I see loss jumps in epoch graphs for my LSTM model. (SCREENSHOT attached) What does it tell me? (overfitting?, wrong loss functions, wrong activation Unnecessary layers? etc..)
# Model
time_input= Input(shape=(timesteps,data_dim)) #inputs dimension
DKLOC_input= Input(shape=(timesteps,data_dim))
LSTM_outs=LSTM(hidden_dim, unroll= True, return_sequences=True)(time_input)
MLP_inputs=concatenate([LSTM_outs,Feature_Data_input])
MLP_outs= Dense(MLP_hidden_dim, activation='relu')(MLP_inputs)
MLP_outs= Dense(MLP_hidden_dim, activation='relu')(MLP_outs)
outs= Dense(data_dim, activation="linear")(MLP_outs)
#optimizaiton # compile #fit
model = Model(inputs=[time_input,Feature_Data_input], outputs=[outs])
model.compile(loss='mse', optimizer="adam", metrics=['mse', 'mae', 'mape', 'cosine'])
history = model.fit(x=[input_data, Feature_Data_train] , y= truth, batch_size=1, epochs=1000, verbose=2)

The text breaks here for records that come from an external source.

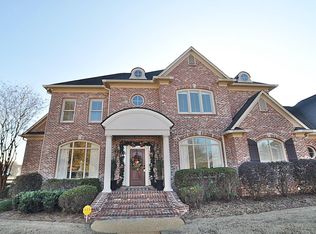 1624 Sunflower Cir, Tupelo, MS 38801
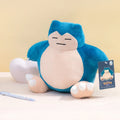 Pelúcia Snorlax – Pokémon Kawaii 25cm | Fofo, Colecionável e Perfeito para Presentear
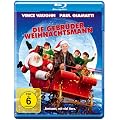 Die Gebr�der Weihnachtsmann [Blu-ray]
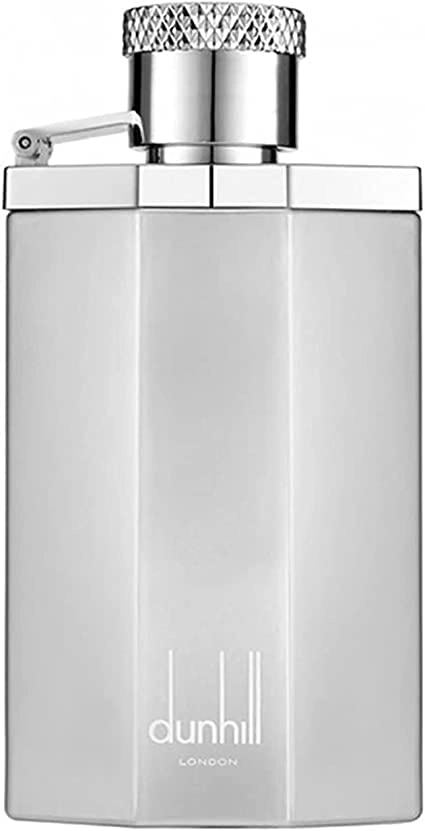 Desire Silver Eau de Toilette 100 ml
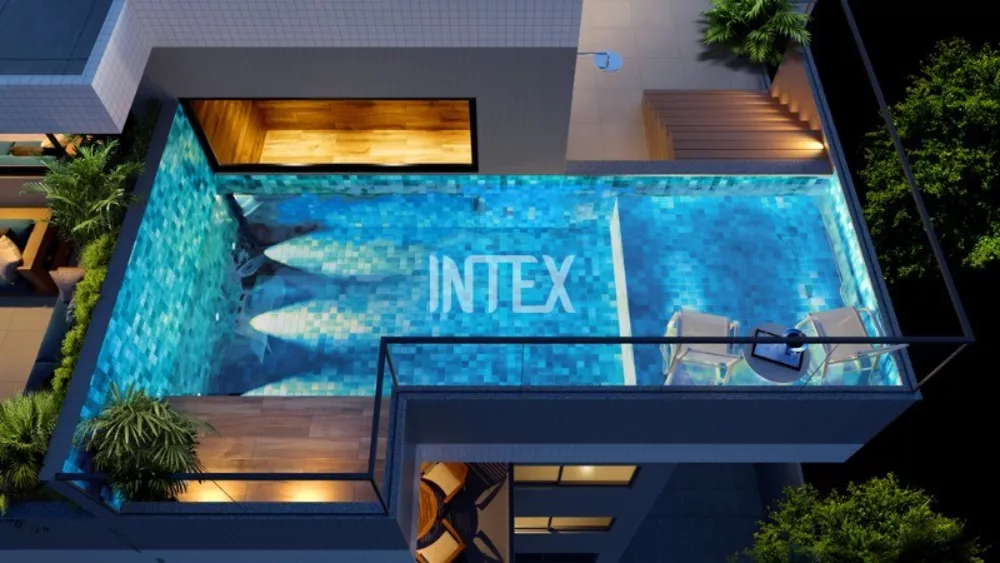 Cobertura, 3 quartos, 161 m² - Foto 5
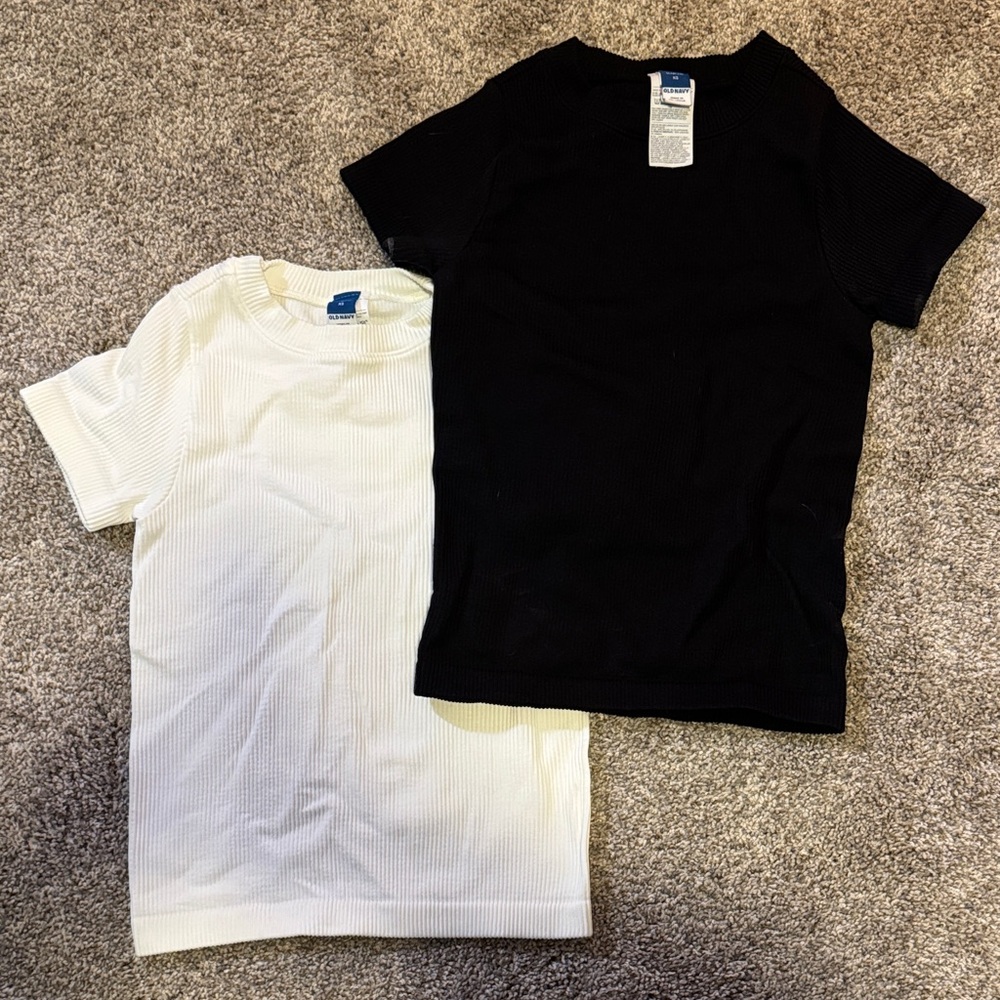 Old Navy Seamless Tops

Epoch 999/1000 - 0s - loss: 0.0132 - mean_squared_error: 0.0132 - mean_absolute_error: 0.0619 - mean_absolute_percentage_error: 45287253.3333 - cosine_proximity: -6.5984e-01 Epoch 1000/1000 - 0s - loss: 0.0132 - mean_squared_error: 0.0132 - mean_absolute_error: 0.0618 - mean_absolute_percentage_error: 45145968.0000 - cosine_proximity: -6.5985e-01
I would start by using a batch_size greater than 1. You want the optimizer to consider multiple data points and not just a single sample at the time. Hopefully, your data samples are different so you want the optimization to consider a set of average values.